From wasting prime real estate by paving it over for parking to funding expensive road-widening projects, some communities are realizing that taking a step back from the car culture is good for business. But much like parts of Appalachia won’t give up on their abusive relationships with Big Coal, businesses that have suffered from their car dependency are often surprisingly reluctant to try a different approach.
Take Wareham. A project called Streetscape is progressing on Main Street, hoping to make the business district easier and safer for people to get around on foot:
Finance Committee member Dominic Cammarano said something had to be done to resuscitate downtown, “which was dying even before Wareham Crossing Mall was built.” He said Streetscape provides “a badly needed makeover.”

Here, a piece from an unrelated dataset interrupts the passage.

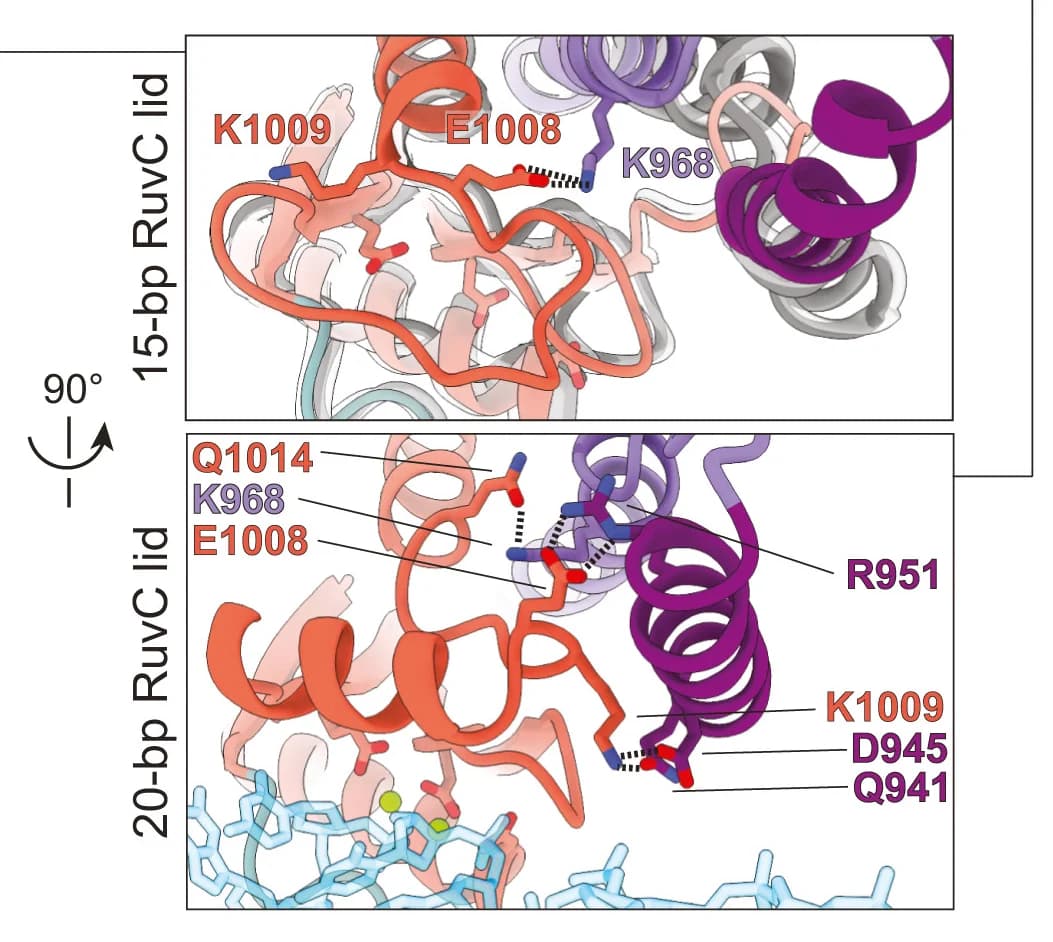 Open access visualization of Protein Structure, Chemical Structure, RuvC Lid, BH Domain, R-loop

Most businesses seem generally happy at the upgrades and some are understandably concerned about construction-related delays and inconveniences. But this business owner takes a special prize for blaming the treatment for the original illness:
She squarely blames the road project. While the end result is beautiful, she said, “people got out of the habit of coming here and driving down Main Street. Many customers were so bummed that they stopped coming because they could never find a parking place.”
Maybe shoppers aren’t returning in droves quite yet, but other people are. Irving, who has been downtown 24 years, said, “Ever since the ’70s and late ’80s the number of businesses has declined, as has the clientele.”
Clearly, the safety improvements that started in April are to blame for the declines in business that started four decades ago.
Look, I understand people are upset when something they used to get for free and in overabundance is now less plentiful. But different doesn’t have to mean worse – and it could even be much better. Maybe folks should give this whole “making people feel like it’s not life-threateningly dangerous to window shop” thing a chance.